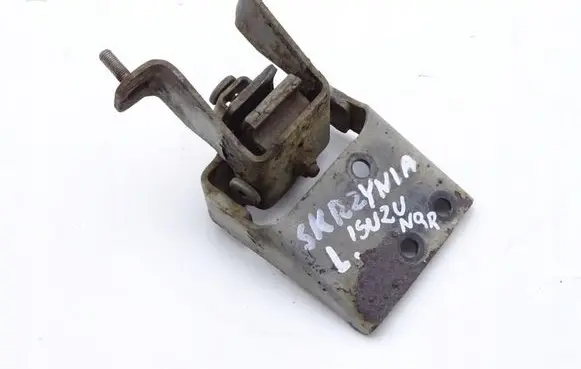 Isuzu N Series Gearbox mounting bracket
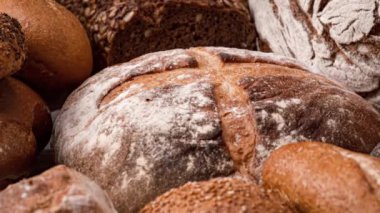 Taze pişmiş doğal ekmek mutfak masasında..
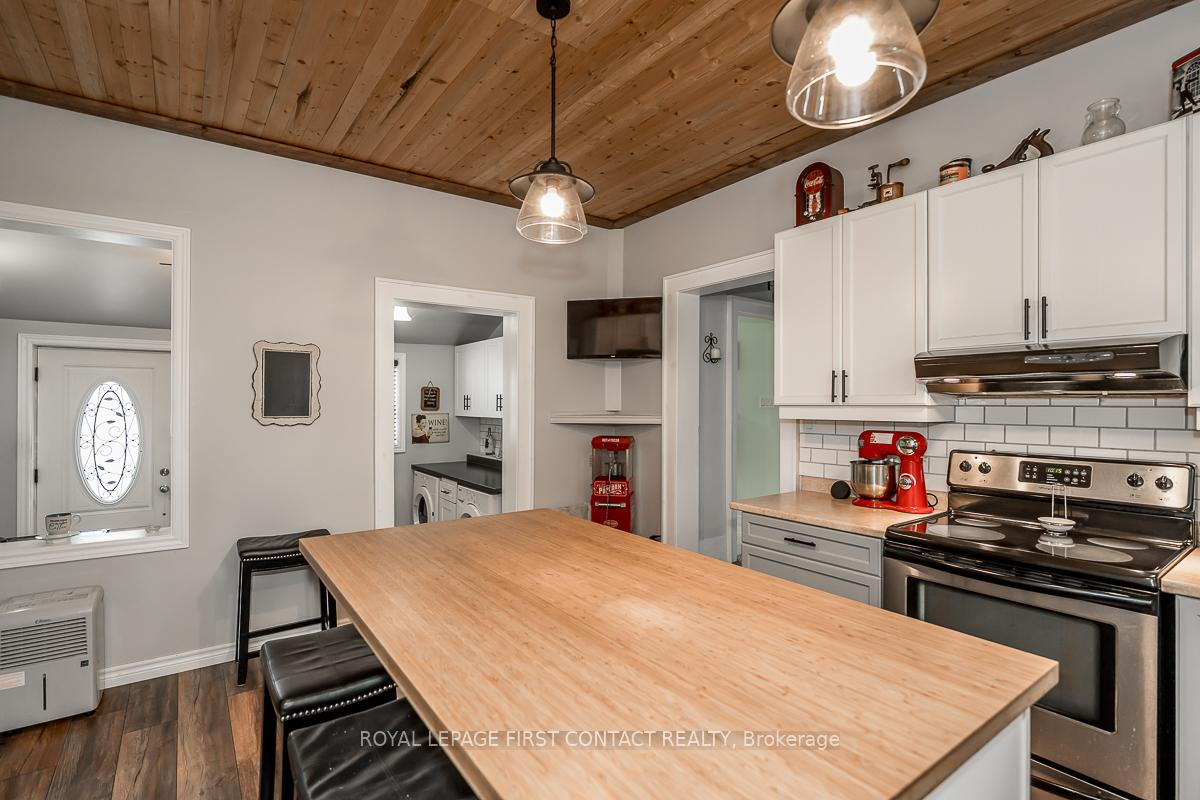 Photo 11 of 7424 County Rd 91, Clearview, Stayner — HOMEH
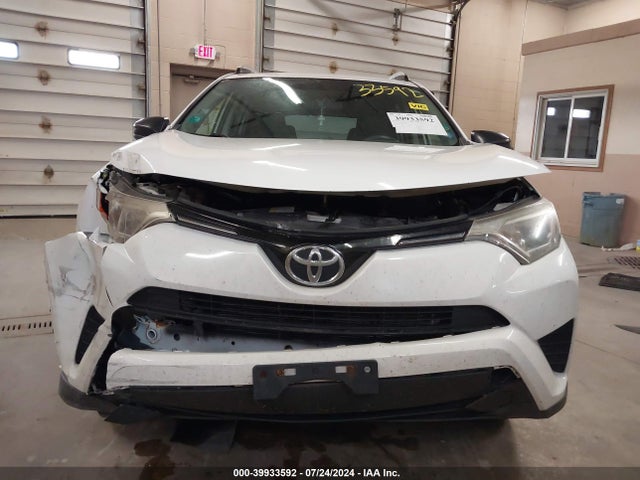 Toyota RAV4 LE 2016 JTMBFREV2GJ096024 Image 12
■ ■ ■
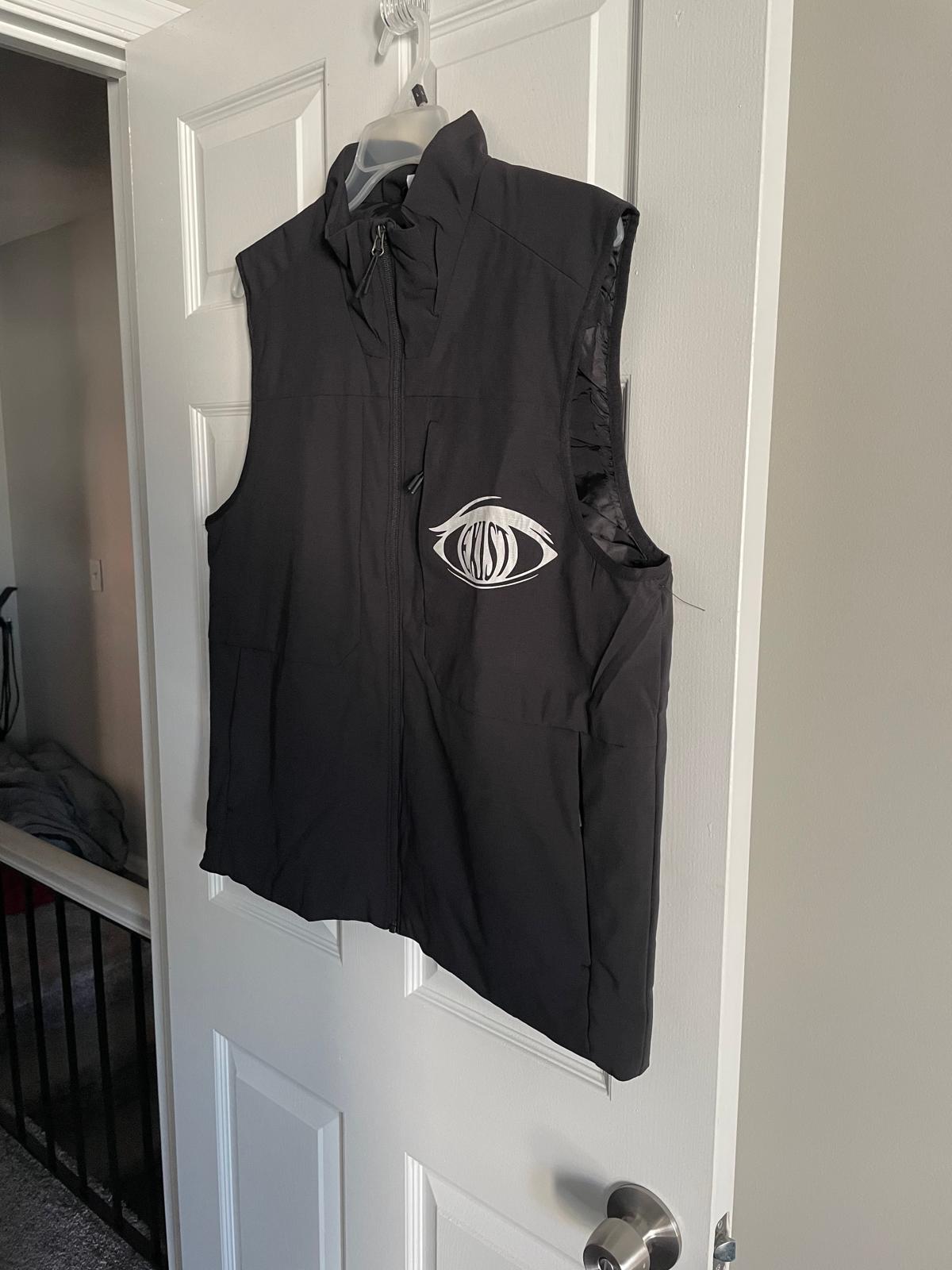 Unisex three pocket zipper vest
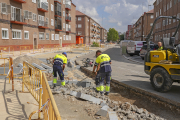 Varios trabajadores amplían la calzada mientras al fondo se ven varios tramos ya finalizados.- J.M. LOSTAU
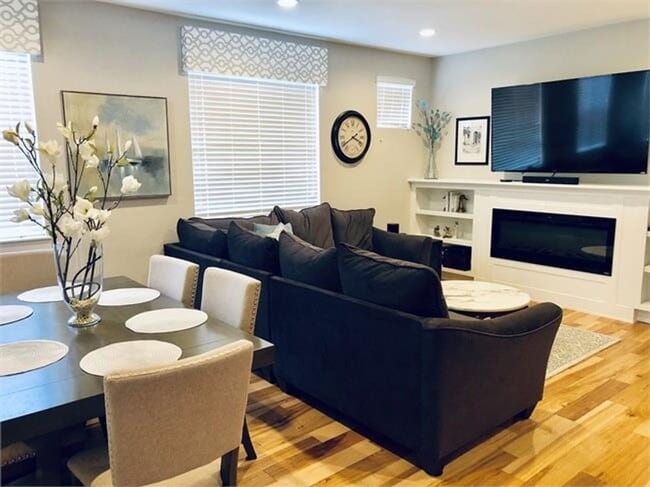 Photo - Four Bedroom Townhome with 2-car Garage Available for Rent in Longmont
■ ■ ■
▸ Task
In the entries above, find the line containing "Varios trabajadores amplían" and the line containing "Photo - Four", then copy both and every line between them exactly, without any picture.

▸ Solution for this problem
 Varios trabajadores amplían la calzada mientras al fondo se ven varios tramos ya finalizados.- J.M. LOSTAU
 Photo - Four Bedroom Townhome with 2-car Garage Available for Rent in Longmont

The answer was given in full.